__What is required__. For every entry below, give an exact repeat and leave out the pictures.

__Exercise inputs__.
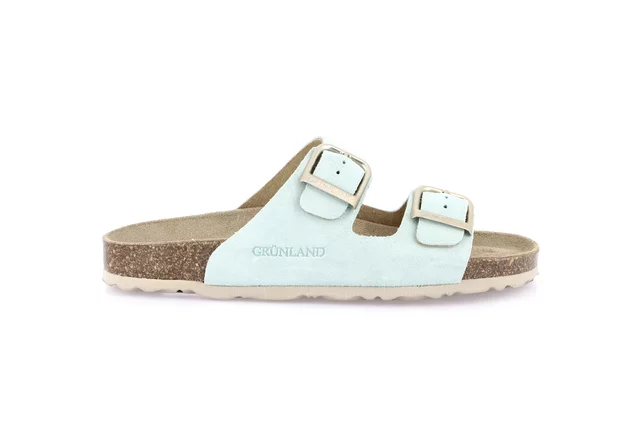 Women's slipper with double band in suede | SARA CB2631 - MENTA | Grünland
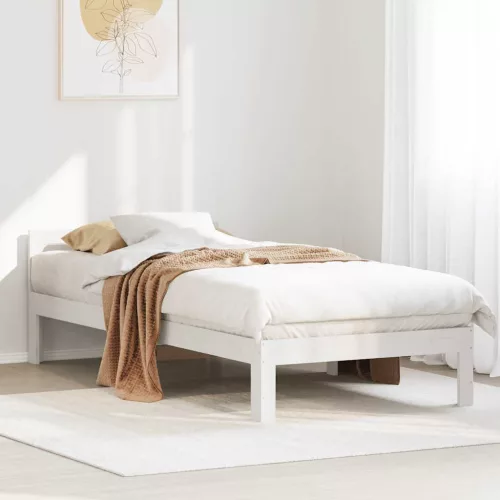  fehér tömör fenyőfa ágy matrac nélkül 90 x 200 cm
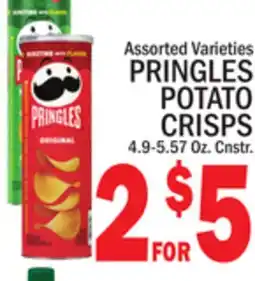 C Town PRINGLES POTATO CRISPS 4.9-5.57 Oz. Cnstr offer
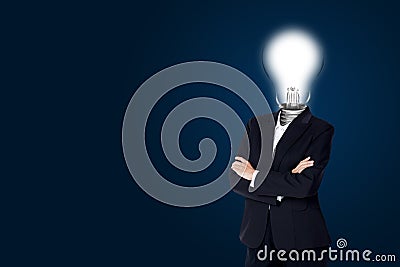 Light bulb of head business woman and have idea creativity Stock Photo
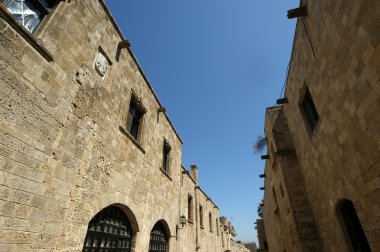 Şövalyeler, Rodos Kalesi, Yunanistan sokak Ortaçağ Caddesi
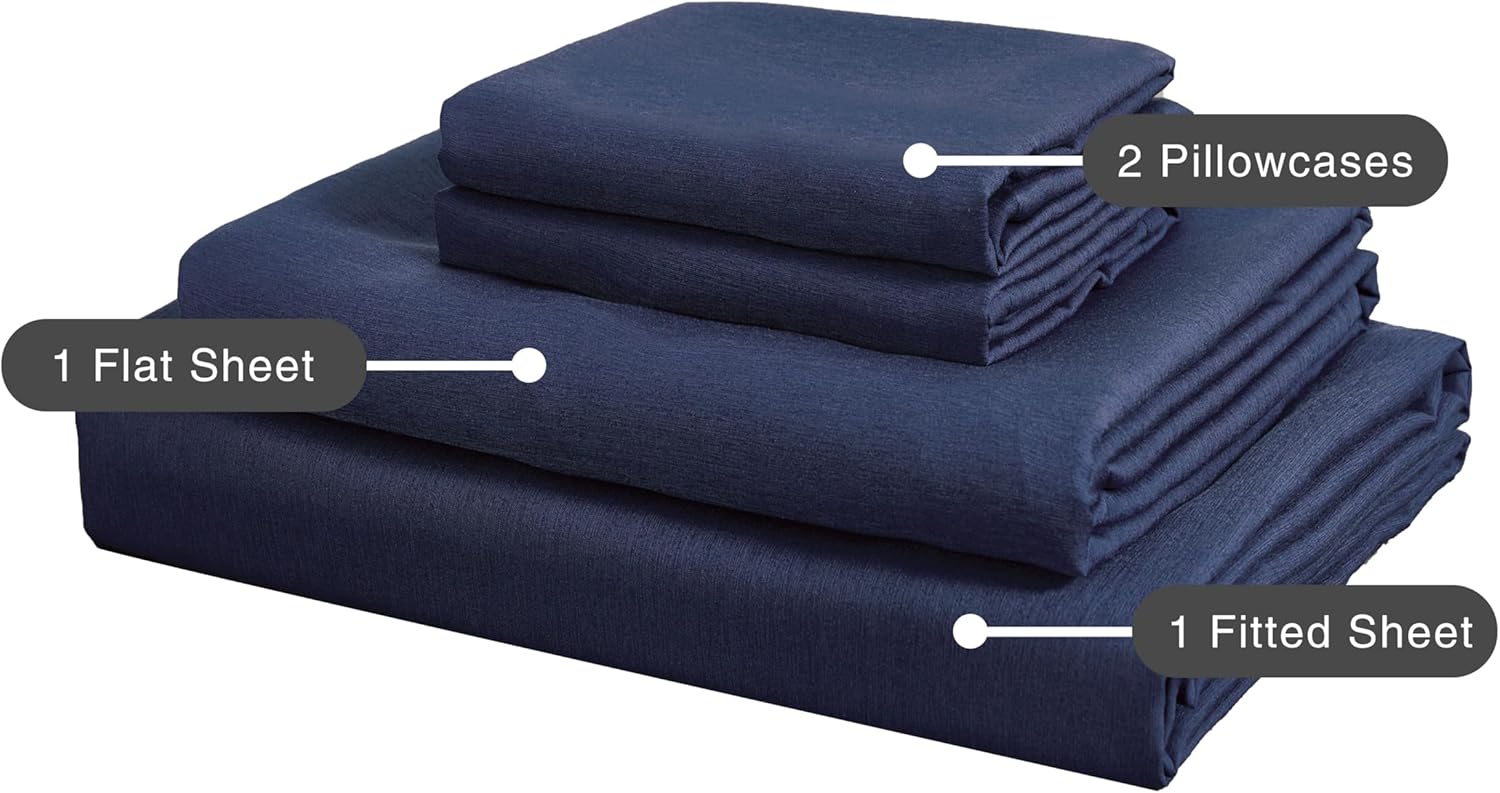 Bamboo Microfibre Sheet Set - Navy - King Single 5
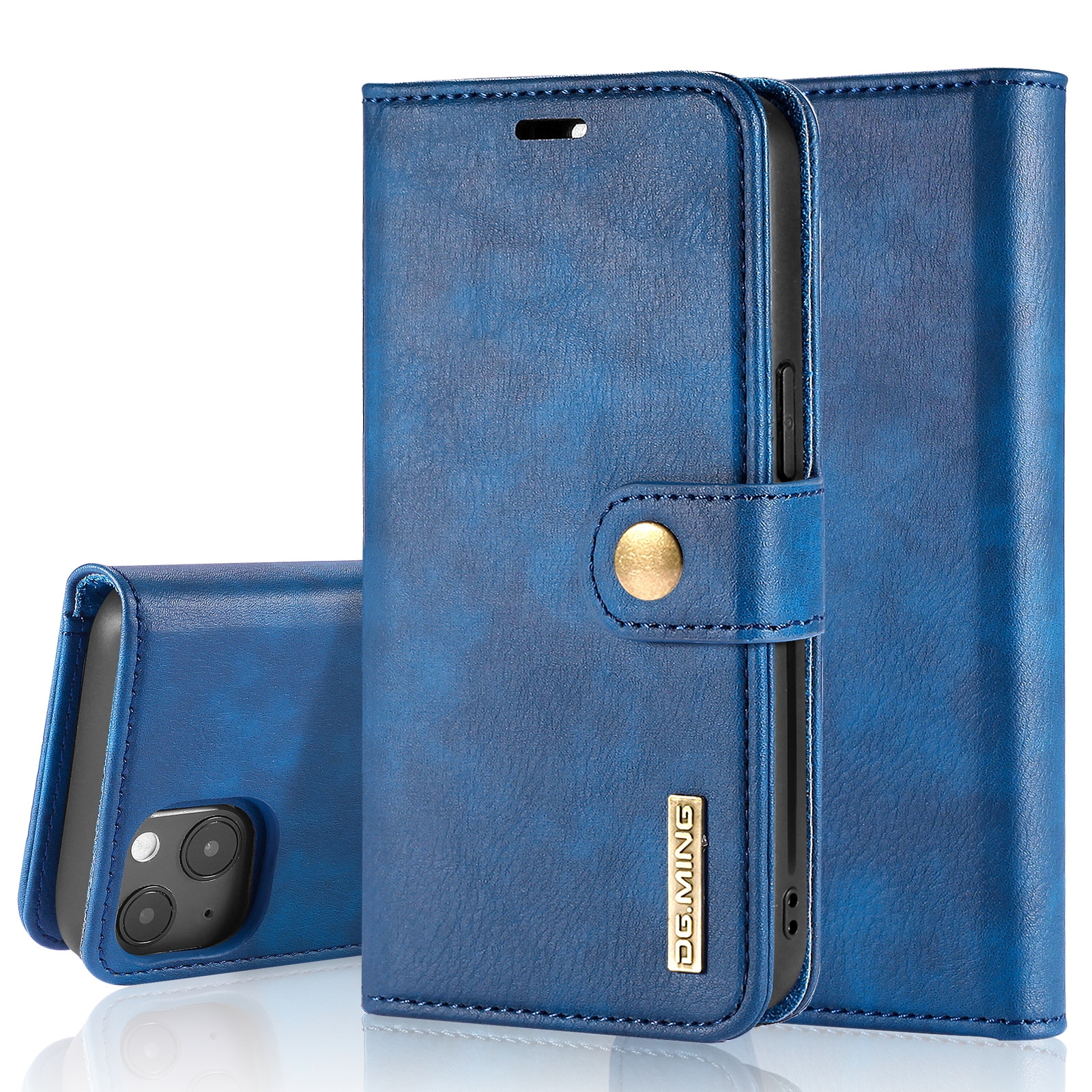 iPhone 14 Plånboksfodral med avtagbart skal, blå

__Answer below__.
 Women's slipper with double band in suede | SARA CB2631 - MENTA | Grünland
  fehér tömör fenyőfa ágy matrac nélkül 90 x 200 cm
 C Town PRINGLES POTATO CRISPS 4.9-5.57 Oz. Cnstr offer
 Light bulb of head business woman and have idea creativity Stock Photo
 Şövalyeler, Rodos Kalesi, Yunanistan sokak Ortaçağ Caddesi
 Bamboo Microfibre Sheet Set - Navy - King Single 5
 iPhone 14 Plånboksfodral med avtagbart skal, blå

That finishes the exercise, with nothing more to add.